**WHAT THE TASK ASKS**
Each line with the word "suzuki" must appear in the answer, copied from the records.

**SOURCE DATA**
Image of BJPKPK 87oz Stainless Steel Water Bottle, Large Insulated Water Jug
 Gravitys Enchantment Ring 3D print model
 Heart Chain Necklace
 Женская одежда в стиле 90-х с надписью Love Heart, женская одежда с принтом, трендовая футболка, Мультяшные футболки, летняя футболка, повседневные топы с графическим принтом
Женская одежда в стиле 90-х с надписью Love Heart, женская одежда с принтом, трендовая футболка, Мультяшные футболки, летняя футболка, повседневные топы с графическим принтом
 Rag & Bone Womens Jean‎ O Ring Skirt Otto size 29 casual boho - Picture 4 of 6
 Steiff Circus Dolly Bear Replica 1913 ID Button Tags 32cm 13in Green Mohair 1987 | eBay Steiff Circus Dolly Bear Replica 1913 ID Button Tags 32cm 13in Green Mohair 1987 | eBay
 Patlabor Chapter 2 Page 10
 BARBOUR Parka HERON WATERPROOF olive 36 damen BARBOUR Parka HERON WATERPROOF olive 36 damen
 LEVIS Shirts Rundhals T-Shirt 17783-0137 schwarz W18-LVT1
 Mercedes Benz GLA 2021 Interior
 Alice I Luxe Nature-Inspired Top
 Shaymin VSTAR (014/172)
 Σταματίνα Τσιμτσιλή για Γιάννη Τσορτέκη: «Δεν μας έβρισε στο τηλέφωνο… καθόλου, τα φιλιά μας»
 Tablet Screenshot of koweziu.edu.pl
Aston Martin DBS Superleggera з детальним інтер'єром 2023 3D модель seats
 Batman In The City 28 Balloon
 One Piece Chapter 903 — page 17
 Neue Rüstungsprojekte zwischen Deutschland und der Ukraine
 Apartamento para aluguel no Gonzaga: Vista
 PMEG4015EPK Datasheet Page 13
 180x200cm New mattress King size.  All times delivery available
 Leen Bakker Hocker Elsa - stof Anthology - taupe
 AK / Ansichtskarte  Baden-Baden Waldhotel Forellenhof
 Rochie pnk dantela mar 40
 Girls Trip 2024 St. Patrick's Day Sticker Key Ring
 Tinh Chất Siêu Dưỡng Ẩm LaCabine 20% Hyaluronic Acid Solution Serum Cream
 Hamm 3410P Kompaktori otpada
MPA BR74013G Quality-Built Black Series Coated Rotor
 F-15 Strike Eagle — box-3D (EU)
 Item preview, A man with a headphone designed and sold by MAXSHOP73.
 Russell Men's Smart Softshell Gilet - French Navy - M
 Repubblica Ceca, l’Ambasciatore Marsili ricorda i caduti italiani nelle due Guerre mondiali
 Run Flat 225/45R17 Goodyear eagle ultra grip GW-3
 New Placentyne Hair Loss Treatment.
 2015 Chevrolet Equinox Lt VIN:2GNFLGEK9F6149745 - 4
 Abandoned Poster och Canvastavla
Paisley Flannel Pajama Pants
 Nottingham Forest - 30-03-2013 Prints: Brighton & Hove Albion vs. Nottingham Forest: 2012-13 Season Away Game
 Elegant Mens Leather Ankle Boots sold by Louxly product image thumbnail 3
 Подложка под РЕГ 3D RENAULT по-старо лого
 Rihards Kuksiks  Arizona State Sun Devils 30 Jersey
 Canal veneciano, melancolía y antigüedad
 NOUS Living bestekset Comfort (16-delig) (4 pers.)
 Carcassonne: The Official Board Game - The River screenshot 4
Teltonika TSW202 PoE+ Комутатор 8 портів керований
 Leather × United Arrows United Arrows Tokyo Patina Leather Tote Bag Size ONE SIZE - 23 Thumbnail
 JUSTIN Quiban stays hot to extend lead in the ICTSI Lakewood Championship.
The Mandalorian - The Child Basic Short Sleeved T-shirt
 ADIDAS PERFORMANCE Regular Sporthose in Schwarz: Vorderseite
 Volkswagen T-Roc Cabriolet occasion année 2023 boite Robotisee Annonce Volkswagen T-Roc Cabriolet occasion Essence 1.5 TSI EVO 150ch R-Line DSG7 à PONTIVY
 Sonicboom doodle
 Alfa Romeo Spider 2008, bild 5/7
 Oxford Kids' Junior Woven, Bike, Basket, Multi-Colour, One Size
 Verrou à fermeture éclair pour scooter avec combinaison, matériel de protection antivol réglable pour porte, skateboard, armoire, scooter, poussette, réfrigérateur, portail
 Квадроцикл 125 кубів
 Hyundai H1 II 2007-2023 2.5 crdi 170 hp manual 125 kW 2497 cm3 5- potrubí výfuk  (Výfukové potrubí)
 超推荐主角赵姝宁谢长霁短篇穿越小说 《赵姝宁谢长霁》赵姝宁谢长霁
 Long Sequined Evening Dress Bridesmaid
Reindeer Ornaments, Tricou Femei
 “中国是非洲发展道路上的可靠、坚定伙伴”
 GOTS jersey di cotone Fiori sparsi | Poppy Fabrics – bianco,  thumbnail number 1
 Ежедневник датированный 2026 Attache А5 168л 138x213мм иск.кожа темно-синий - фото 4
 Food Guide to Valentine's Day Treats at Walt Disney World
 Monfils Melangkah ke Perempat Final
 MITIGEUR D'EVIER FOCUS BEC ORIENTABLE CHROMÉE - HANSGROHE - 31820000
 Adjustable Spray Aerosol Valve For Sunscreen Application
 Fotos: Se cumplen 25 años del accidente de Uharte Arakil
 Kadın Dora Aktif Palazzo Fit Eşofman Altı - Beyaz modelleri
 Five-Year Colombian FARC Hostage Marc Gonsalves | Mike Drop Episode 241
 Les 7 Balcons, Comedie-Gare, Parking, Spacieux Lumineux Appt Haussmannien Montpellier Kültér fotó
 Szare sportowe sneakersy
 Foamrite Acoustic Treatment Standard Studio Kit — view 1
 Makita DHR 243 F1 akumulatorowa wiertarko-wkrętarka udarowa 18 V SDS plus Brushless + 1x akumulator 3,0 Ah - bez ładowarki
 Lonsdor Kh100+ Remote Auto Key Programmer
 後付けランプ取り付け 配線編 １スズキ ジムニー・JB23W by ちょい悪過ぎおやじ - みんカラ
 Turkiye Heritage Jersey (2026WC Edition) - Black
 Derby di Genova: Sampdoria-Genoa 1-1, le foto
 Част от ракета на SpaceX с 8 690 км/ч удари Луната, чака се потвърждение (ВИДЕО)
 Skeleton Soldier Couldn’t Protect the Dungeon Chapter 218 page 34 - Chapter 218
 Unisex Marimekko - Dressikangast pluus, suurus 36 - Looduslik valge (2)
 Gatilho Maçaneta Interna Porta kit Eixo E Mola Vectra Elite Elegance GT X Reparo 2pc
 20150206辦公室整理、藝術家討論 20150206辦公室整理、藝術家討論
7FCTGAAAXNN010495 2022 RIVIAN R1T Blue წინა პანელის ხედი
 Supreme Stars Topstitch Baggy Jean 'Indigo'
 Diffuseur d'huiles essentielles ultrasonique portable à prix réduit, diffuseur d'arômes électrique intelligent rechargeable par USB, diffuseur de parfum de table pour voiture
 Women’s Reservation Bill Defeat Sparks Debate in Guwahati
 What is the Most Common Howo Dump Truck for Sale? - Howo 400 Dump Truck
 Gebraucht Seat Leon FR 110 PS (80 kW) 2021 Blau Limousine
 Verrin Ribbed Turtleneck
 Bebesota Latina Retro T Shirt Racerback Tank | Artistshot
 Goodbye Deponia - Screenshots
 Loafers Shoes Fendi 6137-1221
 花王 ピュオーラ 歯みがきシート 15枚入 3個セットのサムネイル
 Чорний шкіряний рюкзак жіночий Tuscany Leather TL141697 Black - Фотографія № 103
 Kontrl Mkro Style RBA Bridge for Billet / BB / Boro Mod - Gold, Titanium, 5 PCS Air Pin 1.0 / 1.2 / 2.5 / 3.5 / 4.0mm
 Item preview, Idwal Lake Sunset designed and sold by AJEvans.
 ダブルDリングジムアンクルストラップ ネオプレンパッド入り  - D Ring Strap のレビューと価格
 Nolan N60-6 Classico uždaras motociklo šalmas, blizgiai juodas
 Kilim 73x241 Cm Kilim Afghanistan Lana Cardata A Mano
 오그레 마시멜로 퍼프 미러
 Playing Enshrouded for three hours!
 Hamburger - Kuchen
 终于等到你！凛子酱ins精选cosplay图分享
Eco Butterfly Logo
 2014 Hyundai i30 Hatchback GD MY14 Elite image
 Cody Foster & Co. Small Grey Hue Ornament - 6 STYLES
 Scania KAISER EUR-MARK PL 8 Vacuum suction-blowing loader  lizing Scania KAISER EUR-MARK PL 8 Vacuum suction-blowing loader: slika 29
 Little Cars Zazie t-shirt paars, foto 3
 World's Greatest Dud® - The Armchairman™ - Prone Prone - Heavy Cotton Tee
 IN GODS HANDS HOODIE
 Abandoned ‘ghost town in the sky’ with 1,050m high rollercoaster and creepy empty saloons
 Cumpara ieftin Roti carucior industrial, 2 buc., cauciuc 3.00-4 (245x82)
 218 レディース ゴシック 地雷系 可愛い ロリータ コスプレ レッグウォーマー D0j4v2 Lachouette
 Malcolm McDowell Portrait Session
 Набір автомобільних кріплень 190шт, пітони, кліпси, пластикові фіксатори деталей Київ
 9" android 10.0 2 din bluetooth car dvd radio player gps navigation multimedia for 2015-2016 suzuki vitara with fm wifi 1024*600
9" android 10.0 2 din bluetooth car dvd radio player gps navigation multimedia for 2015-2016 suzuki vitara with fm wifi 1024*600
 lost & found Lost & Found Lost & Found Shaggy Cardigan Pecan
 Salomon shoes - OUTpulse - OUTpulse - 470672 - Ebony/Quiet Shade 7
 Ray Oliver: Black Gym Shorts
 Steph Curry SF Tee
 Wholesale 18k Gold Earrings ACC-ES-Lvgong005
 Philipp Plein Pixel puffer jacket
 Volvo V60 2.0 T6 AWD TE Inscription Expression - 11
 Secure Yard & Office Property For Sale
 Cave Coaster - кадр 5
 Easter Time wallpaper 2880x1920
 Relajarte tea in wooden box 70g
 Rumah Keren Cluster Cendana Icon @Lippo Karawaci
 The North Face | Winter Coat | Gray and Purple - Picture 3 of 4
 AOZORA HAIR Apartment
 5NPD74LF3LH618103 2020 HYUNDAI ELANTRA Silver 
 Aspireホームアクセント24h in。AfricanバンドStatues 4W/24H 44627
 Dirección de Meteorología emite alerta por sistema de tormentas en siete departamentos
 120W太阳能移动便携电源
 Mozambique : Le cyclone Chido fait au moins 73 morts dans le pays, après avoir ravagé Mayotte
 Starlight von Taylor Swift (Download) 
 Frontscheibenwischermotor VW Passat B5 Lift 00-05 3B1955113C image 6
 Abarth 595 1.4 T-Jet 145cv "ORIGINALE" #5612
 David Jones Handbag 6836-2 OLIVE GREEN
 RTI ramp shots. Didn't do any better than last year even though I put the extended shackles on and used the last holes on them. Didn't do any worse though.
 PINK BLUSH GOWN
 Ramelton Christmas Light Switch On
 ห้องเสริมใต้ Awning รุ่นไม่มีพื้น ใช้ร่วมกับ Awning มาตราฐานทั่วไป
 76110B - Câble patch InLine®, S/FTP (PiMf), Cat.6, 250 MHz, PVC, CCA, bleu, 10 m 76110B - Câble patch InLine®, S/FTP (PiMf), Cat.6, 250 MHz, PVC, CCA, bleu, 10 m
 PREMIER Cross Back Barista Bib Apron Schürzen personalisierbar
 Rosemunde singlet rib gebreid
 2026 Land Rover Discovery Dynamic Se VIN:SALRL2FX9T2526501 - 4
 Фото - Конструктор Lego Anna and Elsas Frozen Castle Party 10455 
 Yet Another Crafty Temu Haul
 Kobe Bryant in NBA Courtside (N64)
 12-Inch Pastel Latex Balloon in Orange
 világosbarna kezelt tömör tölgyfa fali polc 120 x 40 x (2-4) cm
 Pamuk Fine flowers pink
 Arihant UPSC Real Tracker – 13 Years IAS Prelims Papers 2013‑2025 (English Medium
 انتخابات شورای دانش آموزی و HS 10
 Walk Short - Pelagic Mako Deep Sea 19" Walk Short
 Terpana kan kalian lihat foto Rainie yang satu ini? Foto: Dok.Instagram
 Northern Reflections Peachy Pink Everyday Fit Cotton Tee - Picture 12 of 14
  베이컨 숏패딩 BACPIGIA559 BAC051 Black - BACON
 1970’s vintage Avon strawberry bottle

**TASK OUTPUT**
 9" android 10.0 2 din bluetooth car dvd radio player gps navigation multimedia for 2015-2016 suzuki vitara with fm wifi 1024*600
9" android 10.0 2 din bluetooth car dvd radio player gps navigation multimedia for 2015-2016 suzuki vitara with fm wifi 1024*600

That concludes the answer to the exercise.